Practice from scratch genetic statistics seminar
However, since this book is written for Windows, I thought I should write a memorandum of how to do it on Mac. This book is good.
Download the MacOS version of PLINK from the following page.
Launch your Mac terminal.
On the terminal, specify the working directory with the cd
command.
Specifying the working directory
$ cd /Working directory path/
Move the downloaded ** PLINK ** (PLINK executable file) to your working directory.
On the terminal, type ./plink
.
Start PLINK
$ ./plink
Execution result
PLINK v1.90b6.16 64-bit (19 Feb 2020) www.cog-genomics.org/plink/1.9/
(C) 2005-2020 Shaun Purcell, Christopher Chang GNU General Public License v3
plink <input flag(s)...> [command flag(s)...] [other flag(s)...]

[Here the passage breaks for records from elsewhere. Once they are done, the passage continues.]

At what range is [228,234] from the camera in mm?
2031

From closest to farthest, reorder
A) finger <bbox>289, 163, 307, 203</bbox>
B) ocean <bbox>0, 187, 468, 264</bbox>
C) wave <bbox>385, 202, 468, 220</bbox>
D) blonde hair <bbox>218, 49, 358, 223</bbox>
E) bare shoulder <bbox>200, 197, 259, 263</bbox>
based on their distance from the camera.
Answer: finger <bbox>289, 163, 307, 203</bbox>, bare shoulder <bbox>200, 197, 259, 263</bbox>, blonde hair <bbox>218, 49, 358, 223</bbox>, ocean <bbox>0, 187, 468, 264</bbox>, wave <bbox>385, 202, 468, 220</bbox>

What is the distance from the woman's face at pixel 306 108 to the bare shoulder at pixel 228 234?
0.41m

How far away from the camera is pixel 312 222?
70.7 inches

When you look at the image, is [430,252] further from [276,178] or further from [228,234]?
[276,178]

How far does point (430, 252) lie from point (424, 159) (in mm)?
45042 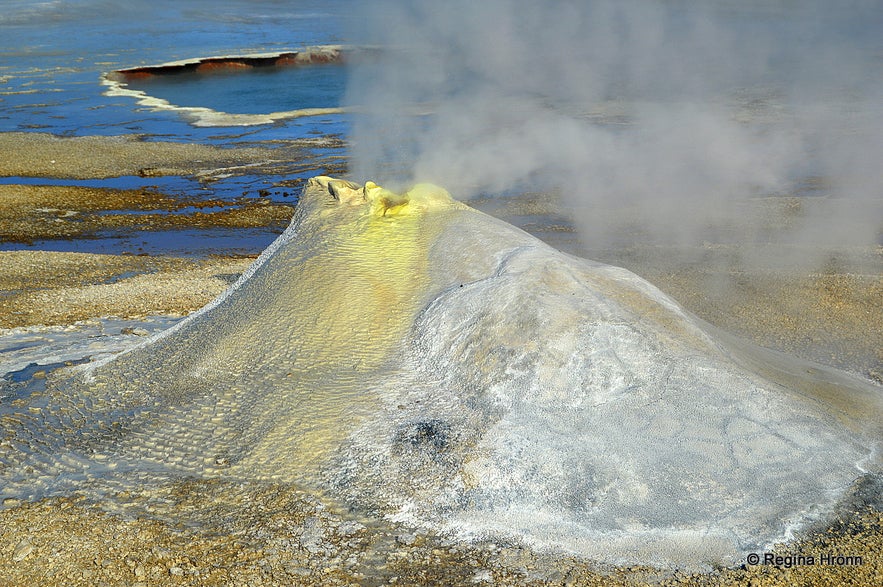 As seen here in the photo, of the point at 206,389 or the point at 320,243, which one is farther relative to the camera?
the point at 320,243

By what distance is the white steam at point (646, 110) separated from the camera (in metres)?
6.58

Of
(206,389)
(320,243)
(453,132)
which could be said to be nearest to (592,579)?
(206,389)

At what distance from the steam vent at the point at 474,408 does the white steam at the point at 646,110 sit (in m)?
3.23

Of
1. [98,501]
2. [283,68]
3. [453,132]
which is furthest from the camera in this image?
[283,68]

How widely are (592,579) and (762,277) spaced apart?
305 centimetres

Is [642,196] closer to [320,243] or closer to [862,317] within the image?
[862,317]

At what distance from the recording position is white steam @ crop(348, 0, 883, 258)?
658 centimetres

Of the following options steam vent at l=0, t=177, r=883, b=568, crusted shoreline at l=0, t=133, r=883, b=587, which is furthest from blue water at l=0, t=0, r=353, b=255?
crusted shoreline at l=0, t=133, r=883, b=587

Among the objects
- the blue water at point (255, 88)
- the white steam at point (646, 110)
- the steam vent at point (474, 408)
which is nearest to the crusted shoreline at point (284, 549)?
the steam vent at point (474, 408)

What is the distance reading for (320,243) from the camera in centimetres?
260

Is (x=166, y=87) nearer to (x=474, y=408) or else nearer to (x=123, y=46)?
(x=123, y=46)

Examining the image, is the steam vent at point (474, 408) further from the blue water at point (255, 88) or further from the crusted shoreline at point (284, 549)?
the blue water at point (255, 88)

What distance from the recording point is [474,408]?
202cm

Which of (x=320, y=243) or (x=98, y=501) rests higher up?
(x=320, y=243)
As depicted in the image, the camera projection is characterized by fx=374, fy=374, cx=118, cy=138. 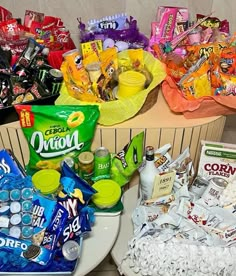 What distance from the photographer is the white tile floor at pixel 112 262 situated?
1533 millimetres

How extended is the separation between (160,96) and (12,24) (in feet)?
1.86

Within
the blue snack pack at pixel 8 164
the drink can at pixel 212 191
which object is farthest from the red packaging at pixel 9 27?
the drink can at pixel 212 191

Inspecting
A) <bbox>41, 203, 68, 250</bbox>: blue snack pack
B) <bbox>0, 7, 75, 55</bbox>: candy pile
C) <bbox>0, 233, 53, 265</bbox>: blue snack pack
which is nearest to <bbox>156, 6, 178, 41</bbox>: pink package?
<bbox>0, 7, 75, 55</bbox>: candy pile

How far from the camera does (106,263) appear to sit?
5.09ft

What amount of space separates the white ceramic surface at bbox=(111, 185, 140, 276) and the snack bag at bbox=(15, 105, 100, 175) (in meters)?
0.23

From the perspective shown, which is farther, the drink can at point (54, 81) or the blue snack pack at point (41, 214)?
the drink can at point (54, 81)

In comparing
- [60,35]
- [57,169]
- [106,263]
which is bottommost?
[106,263]

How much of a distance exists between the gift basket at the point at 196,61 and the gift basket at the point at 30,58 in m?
0.35

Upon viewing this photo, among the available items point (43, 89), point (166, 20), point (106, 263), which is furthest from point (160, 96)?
point (106, 263)

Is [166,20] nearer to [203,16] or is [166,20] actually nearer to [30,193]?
[203,16]

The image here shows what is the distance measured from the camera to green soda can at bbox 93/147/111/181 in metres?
1.11

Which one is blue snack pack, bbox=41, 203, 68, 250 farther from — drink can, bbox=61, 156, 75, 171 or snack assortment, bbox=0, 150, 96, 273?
drink can, bbox=61, 156, 75, 171

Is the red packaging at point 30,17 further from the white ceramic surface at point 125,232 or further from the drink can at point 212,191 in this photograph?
the drink can at point 212,191

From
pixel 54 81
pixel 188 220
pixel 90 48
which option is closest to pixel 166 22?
pixel 90 48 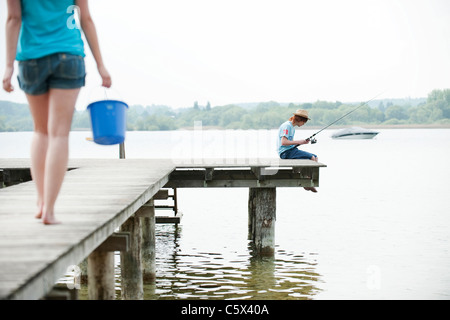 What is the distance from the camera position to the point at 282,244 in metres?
14.5

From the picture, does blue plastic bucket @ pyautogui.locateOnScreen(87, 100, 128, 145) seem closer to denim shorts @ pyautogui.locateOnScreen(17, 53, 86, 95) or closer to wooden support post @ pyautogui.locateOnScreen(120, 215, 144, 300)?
denim shorts @ pyautogui.locateOnScreen(17, 53, 86, 95)

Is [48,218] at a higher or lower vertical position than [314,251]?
higher

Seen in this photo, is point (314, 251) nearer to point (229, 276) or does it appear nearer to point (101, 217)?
point (229, 276)

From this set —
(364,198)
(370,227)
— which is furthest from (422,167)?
(370,227)

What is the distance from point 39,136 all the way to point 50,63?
63 cm

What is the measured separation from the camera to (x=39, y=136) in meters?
4.26

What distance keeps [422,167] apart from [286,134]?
41646mm

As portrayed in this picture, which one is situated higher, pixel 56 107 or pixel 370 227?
pixel 56 107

plink --help [flag name(s)...]
Commands include --make-bed, --recode, --flip-scan, --merge-list,
--write-snplist, --list-duplicate-vars, --freqx, --missing, --test-mishap,
--hardy, --mendel, --ibc, --impute-sex, --indep-pairphase, --r2, --show-tags,
--blocks, --distance, --genome, --homozyg, --make-rel, --make-grm-gz,
--rel-cutoff, --cluster, --pca, --neighbour, --ibs-test, --regress-distance,
--model, --bd, --gxe, --logistic, --dosage, --lasso, --test-missing,
--make-perm-pheno, --tdt, --qfam, --annotate, --clump, --gene-report,
--meta-analysis, --epistasis, --fast-epistasis, and --score.
"plink --help | more" describes all functions (warning: long).
PLINK is executed with ./plink-(command) (argument)
.
The file read commands are --file
and --bfile
.
--file
reads genotype data in ** ped | map ** format.
--bfile
Isbed|bim|famRead format genotype data.
NGS datavcfThe format is basic,ped|mapData converted to format,ped|mapConverted format to binary formatbed|bim|famUse the format.
--out
specifies the name of the output file.
This file was stored in the working directorySNP.bed、SNP.bim、SNP.famofbed|bim|famFormat.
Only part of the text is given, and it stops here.